- INFORMATION GIVEN:
|---|

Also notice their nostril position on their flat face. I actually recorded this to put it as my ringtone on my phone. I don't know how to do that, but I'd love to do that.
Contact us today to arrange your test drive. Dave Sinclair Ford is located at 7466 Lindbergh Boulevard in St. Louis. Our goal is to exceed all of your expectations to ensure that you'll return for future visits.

|---|

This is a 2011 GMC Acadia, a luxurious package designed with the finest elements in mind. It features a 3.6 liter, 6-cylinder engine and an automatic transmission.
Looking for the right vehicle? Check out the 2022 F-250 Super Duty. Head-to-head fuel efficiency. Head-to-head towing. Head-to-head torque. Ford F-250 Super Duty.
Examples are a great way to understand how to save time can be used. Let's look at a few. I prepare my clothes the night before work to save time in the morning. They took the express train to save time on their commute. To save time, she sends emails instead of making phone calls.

|---|

- WHAT THE TASK ASKS: Looking at the records above, which lines contain "Ford"? Copy those lines.

- OUTPUT FOR THIS TASK:
Contact us today to arrange your test drive. Dave Sinclair Ford is located at 7466 Lindbergh Boulevard in St. Louis. Our goal is to exceed all of your expectations to ensure that you'll return for future visits.
Looking for the right vehicle? Check out the 2022 F-250 Super Duty. Head-to-head fuel efficiency. Head-to-head towing. Head-to-head torque. Ford F-250 Super Duty.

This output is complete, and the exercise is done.